You are viewing a plain text version of this content. The canonical link for it is here.
Posted to user@commons.apache.org by Mark Fortner <ph...@yahoo.com> on 2006/02/14 21:54:42 UTC
[vfs] File Metadata
I've been thinking about implementing support for File metadata on a
project that I'm working on. I was looking at the documentation and I
see references to the FileContentInfo and FileContentInfoFactory. I was
wondering if the intent of these interfaces is to provide a starting
point for metadata implementations?
What I'm planning on doing is implementing FileContentInfoFactory's that
can create a map containing the metadata extracted from the file.
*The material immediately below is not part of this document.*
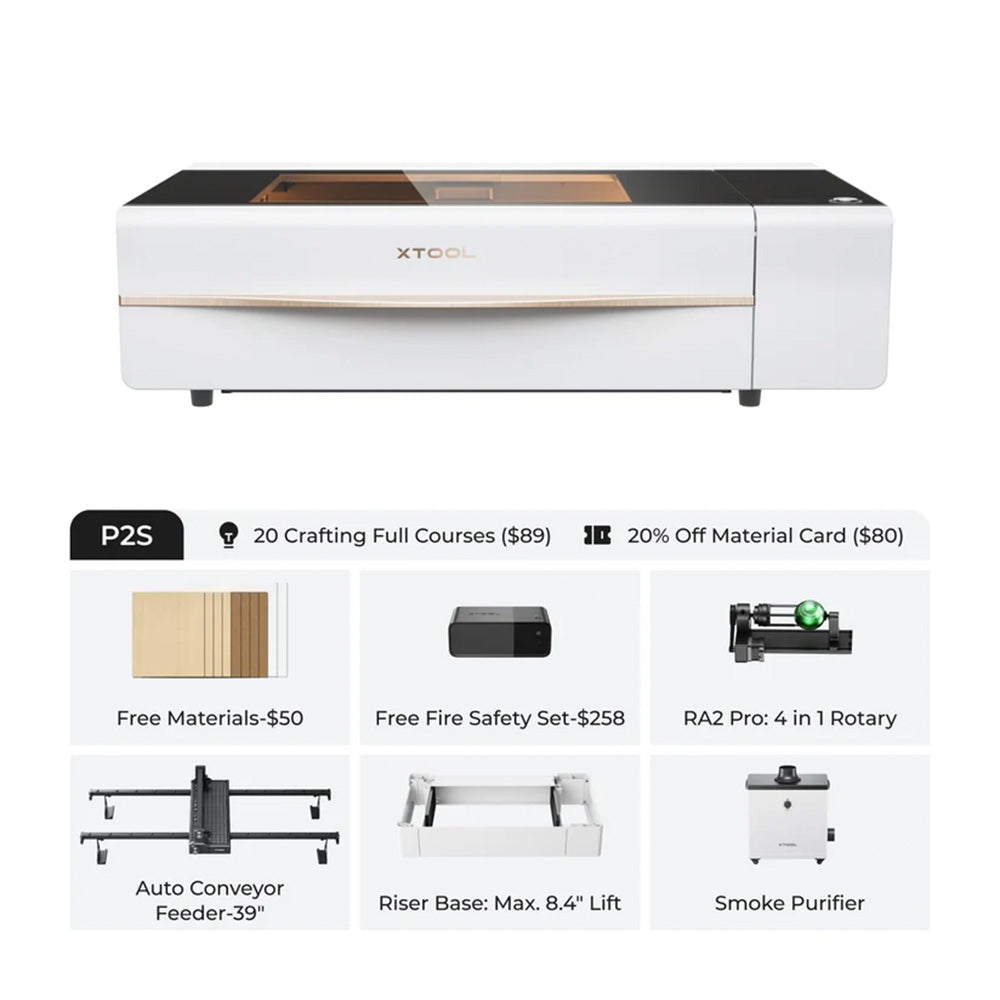 xTool P2S (55W Desktop CO2 Laser Engraver/Cutter)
Does
this sound like a resonable approach that fits well with VFS?
Mark
---------------------------------------------------------------------
To unsubscribe, e-mail: commons-user-unsubscribe@jakarta.apache.org
For additional commands, e-mail: commons-user-help@jakarta.apache.org
Re: [vfs] File Metadata
Posted by Mark Fortner <ph...@yahoo.com>.
Mario Ivankovits wrote:
> Hi!
>
>> I agree that we shouldn't have individual accessors/mutators for
>> everything that you might want to get
>> out of a file (i.e. getAuthor, getCreationDate).
>>
>> What if we had something like this:
>>
>> MetadataFactory
>> [org.apache.commons.vfs.metadata]
>> + static getMetadata(FileObject file):Map
>> + static getKeys(FileObject file):Set
>>
> Does this mean we have to deal with untyped informations?
> I mean we have to do something like getMetadata(fo).get("TITLE") ?
>
> This is something I would avoid in any case.
>
>
What do you mean by "untyped informations"? I was thinking of a map of
Strings (Map<String, String>). Were there other
types that you were thinking about supporting? Dates and numbers can be
easily converted from Strings to those types, and we can either provide
some assistance there with helper methods, or let the user do it.
Is there some reason that you say you would "avoid in any case"?
>> I've found that if users can't find something within 5-10 minutes they
>> figure it's not there, and either give up on the API or write their
>> own. Neither of which we would want them to do.
>>
>> The trick is getting them to "step into" the service API to begin with
>> -- it would require them to think of metadata as a service. It's not
>> something that naturally occurs to people to do and so they would
>> probably never think to look in a services package for metadata code.
>>
> This is why the name "service" is no longer on top of my list. Currently
> its "operation", but thinking of it would show me that "aspect" is more
> correct.
>
I think aspect would be confusing since people would think that you were
adding AOP functionality to VFS.
>
>> It isn't a new concept; however, its implementation in JAF left a lot
>> to be desired, and was difficult for a lot of people to understand.
>> This is the primary reason that it doesn't really get used a lot.
>> It's still gives me headaches when I look at the doc on it. :-)
>>
>> An org.apache.commons.vfs.metadata package would be fairly obvious to
>> most people.
>>
> Yes, this is something we would like to have anyway.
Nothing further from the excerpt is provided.